• **WORK ITEM**
The data below contains pictures, which are to be skipped; the lines starting at the line with "Нови кожени ръкавици  Calvin Klein" and ending at the line with "1 habitación, tabla" are to be output exactly, both ends included.

• **EXTRACTED INFORMATION**

::::::::::

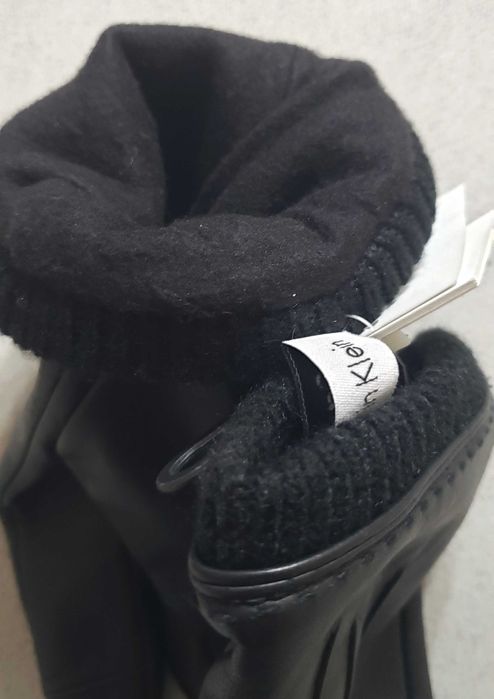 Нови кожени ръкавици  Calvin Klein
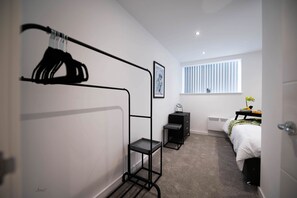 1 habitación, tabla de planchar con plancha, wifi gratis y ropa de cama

::::::::::

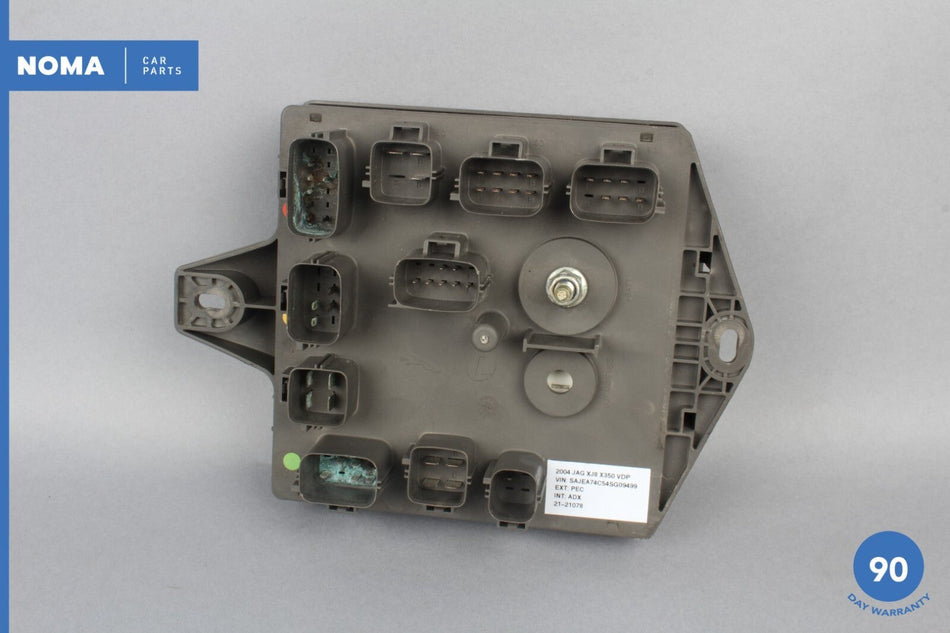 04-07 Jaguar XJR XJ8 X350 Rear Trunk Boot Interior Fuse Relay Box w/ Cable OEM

::::::::::

• **EXPECTED ANSWER**
 Нови кожени ръкавици  Calvin Klein
 1 habitación, tabla de planchar con plancha, wifi gratis y ropa de cama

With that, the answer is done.